Just like SQL, if you do not properly connect the parts of your query, it will result in a cross (cartesian) product, which is seldom what you want.
Take the following example:

MATCH (p:Person), (m:Movie)
RETURN p, m;

In Cypher, what happens is that p contains all of the nodes in the graph with the :Person label, and m contains all of the nodes in the graph with the :Movie label.
Returning both of these results in a combination of each node p being returned with each node m, like so:

If there are three nodes with label Person:

  • Neo,
  • Trinity, and
  • Morpheus

and three nodes with label Movie:

  • The Matrix,
  • The Matrix Reloaded, and
  • The Matrix Revolutions

The result of the above Cypher would be:

[options=header]
|===
| p | m
|Neo | The Matrix
|Neo | The Matrix Reloaded
|Neo | The Matrix Revolutions
|Trinity | The Matrix
|Trinity | The Matrix Reloaded
|Trinity | The Matrix Revolutions
|Morpheus | The Matrix
|Morpheus | The Matrix Reloaded
|Morpheus | The Matrix Revolutions
|===

Keep in mind, this is a simple example, so the result set is small.
With a production size graph, this would be a very large, potentially memory intensive query.

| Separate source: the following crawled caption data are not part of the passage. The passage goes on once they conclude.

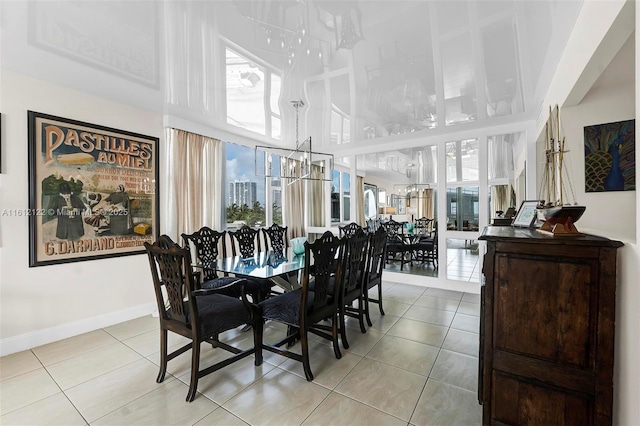 dining room with light tile patterned flooring and a high ceiling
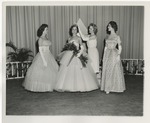 Photo of a girl being crowned pageant queen by Lonnie W. Fleming Sr.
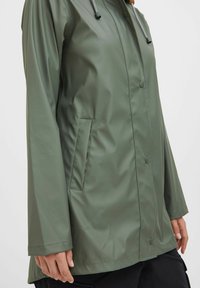 Green waterproof jacket made of shiny material, featuring snap buttons, a hood with cords, and a side pocket on the left.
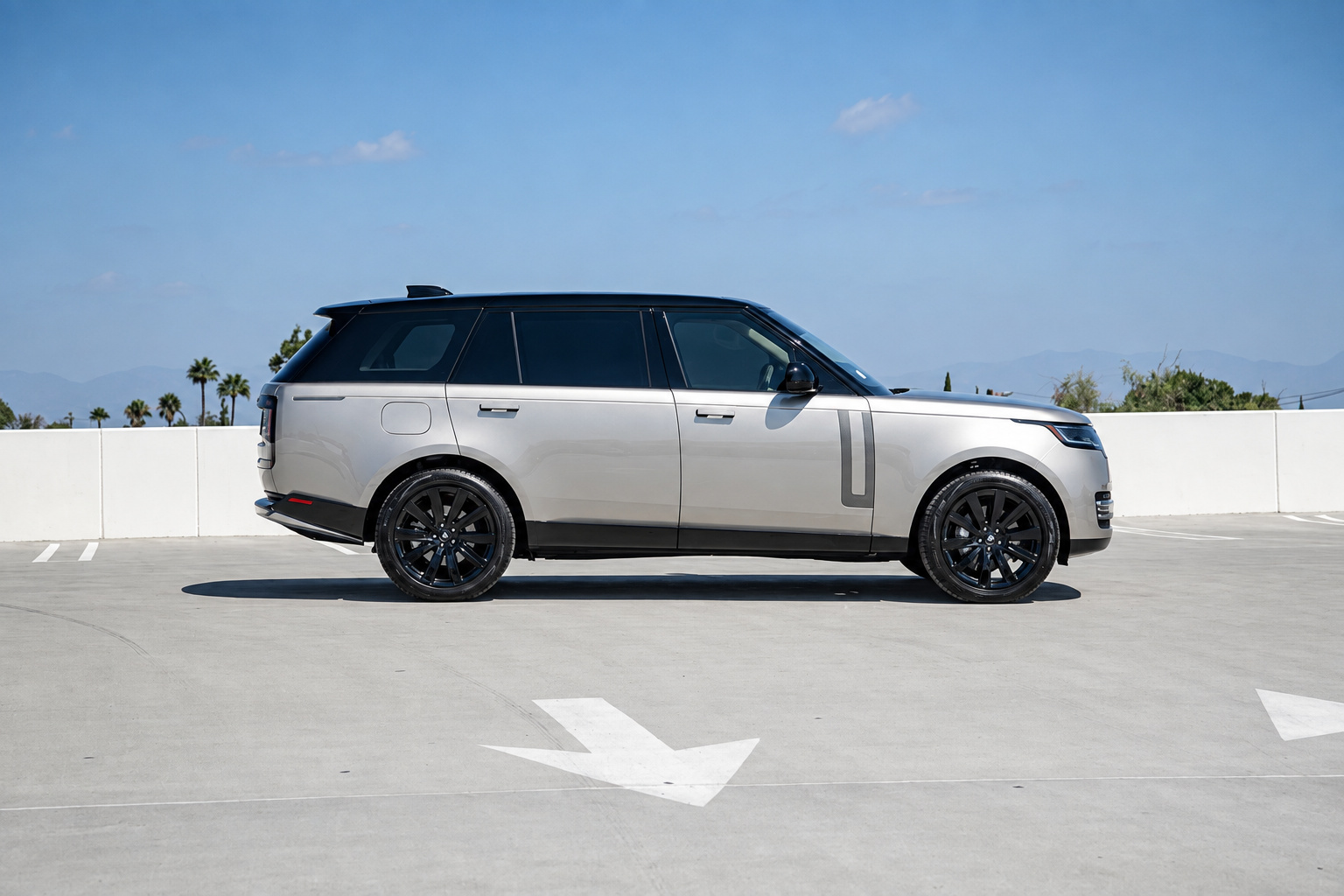 Side profile of the champagne Range Rover HSE on a rooftop parking deck with mountains in the distance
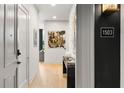 Entry hall featuring unit number 1503, hardwood floors, and modern decor at 40 12Th Ne St # 1503, Atlanta, GA 30309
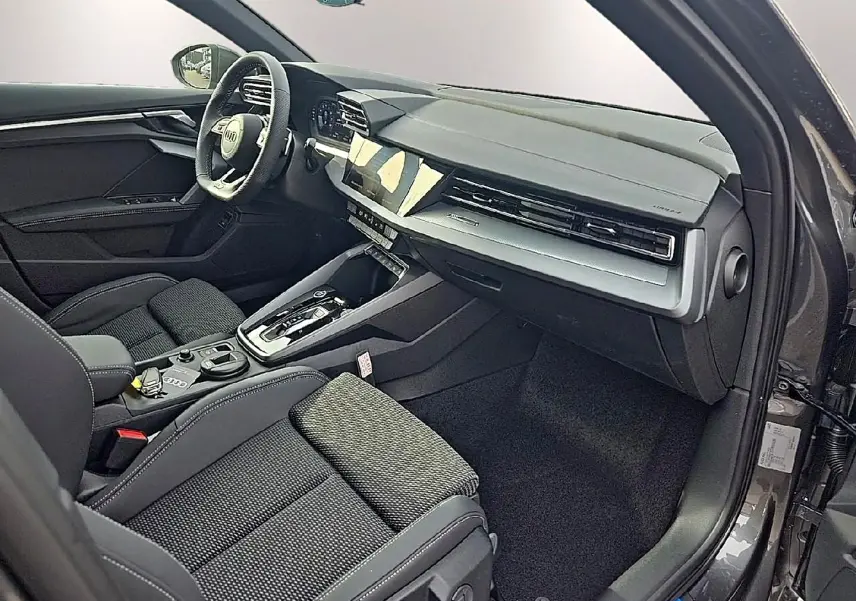 Intérieur avant droit d’Audi A3 Sportback gris Daytona, avec tableau de bord moderne et sièges sport noirs.
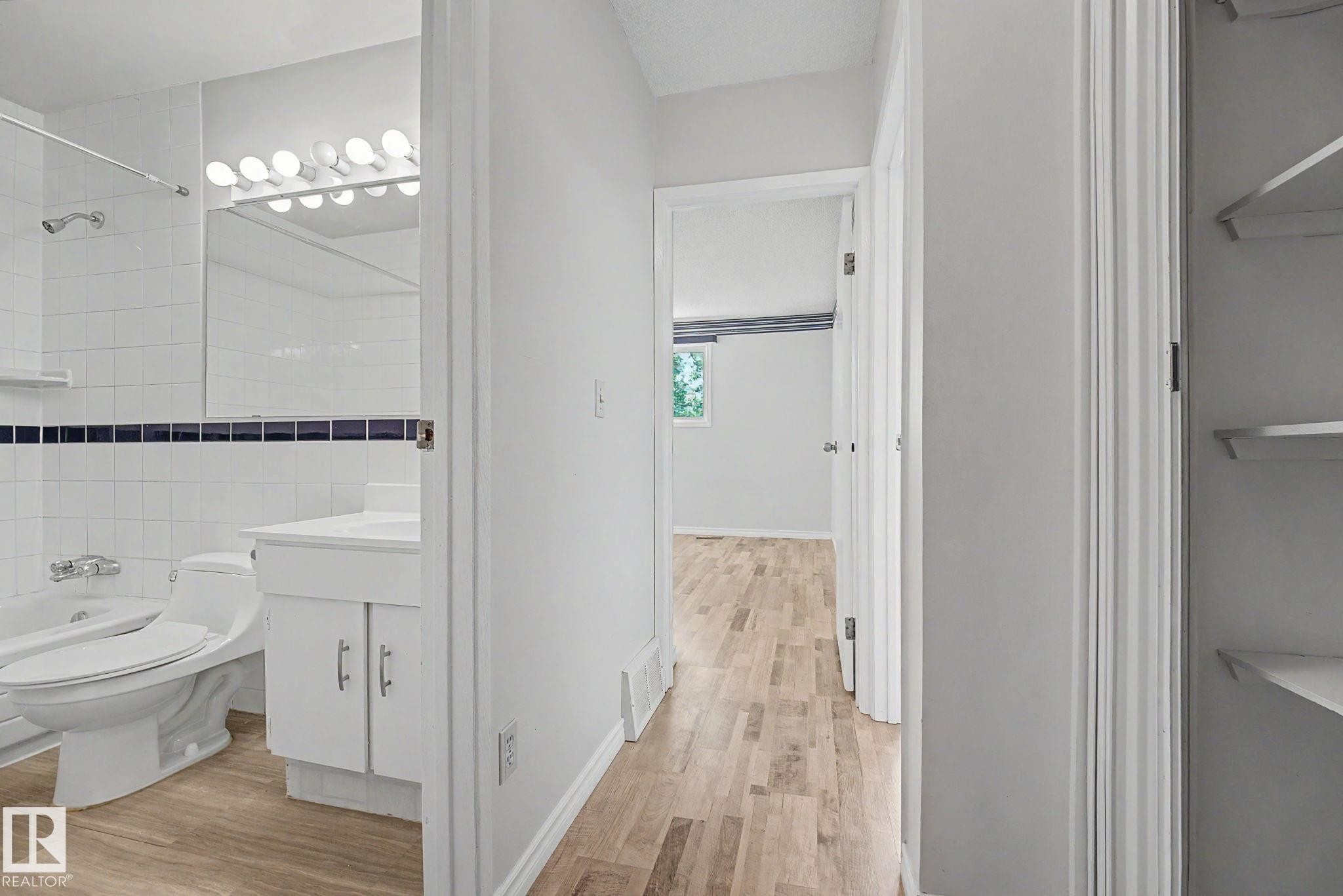 Hallway featuring light wood-finish flooring and a built-in linen closet with shelving - 1096 Knottwood Road Nw, Edmonton, AB - Indoor Photo Showing Bathroom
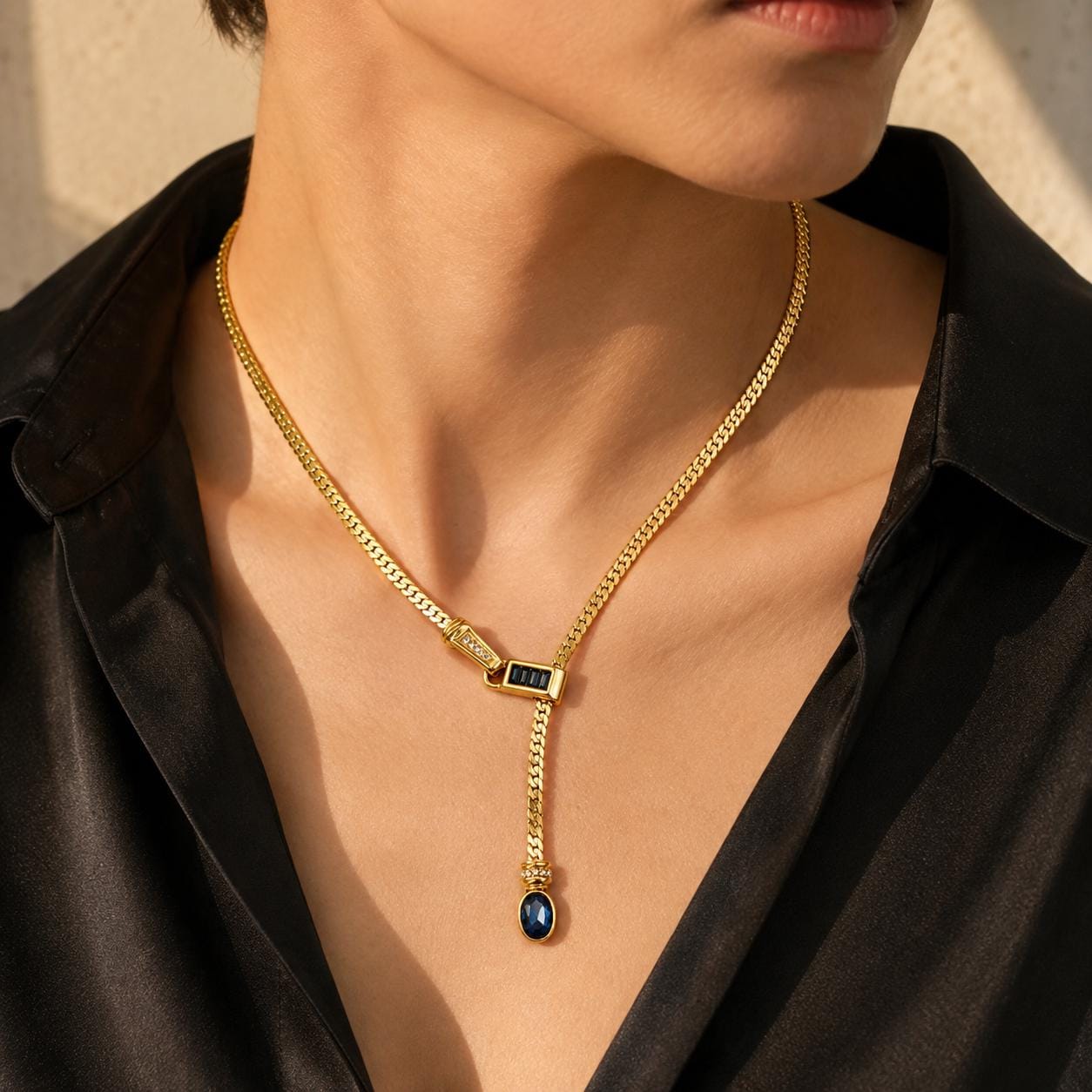 Gold Y lariat necklace blue glass pendant detail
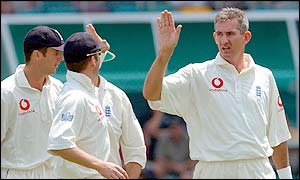 England bowler Andy Caddick celebrates his wicket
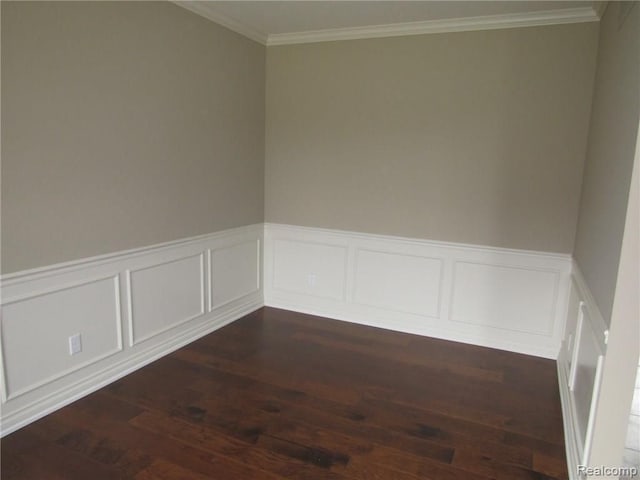 unfurnished room featuring crown molding and dark hardwood / wood-style flooring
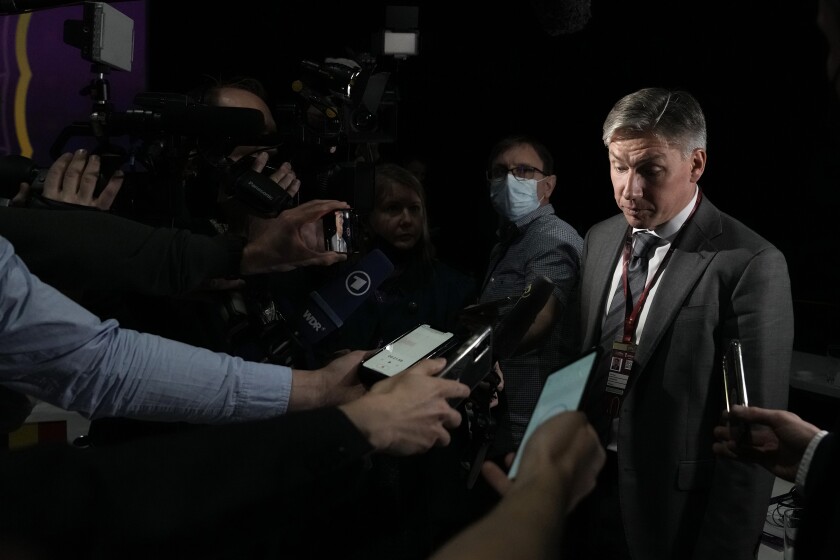 Russia delegate Alexey Sorokin, right, gestures as speaks to journalists end of the FIFA congress at the Doha Exhibition and Convention Center in Doha, Qatar, Thursday, March 31, 2022. (AP Photo/Hassan Ammar)
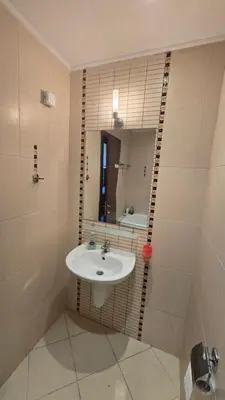a bathroom with a sink and a mirror at Green Life Sozopol 80m2 in Sozopol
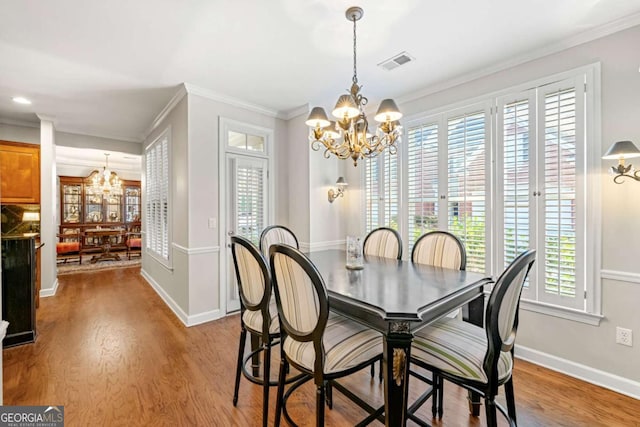 dining space with an inviting chandelier, crown molding, and light hardwood / wood-style floors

In general, inadvertent cross products happen in more complex queries.
They are common in queries with many WITH clauses, and a close look at the query is needed to flush out the issue.
By following general performance best practices, this can easily be avoided.
Be as specific with your query as possible, make sure to use identifiers to properly tie parts of the query together, and only return the data you need.
And profile your slow queries so that you can see where the time and effort is spent.

From Neo4j 2.3 on there is a warning issued in Neo4j browser or if you run your query with EXPLAIN that highlights this issue.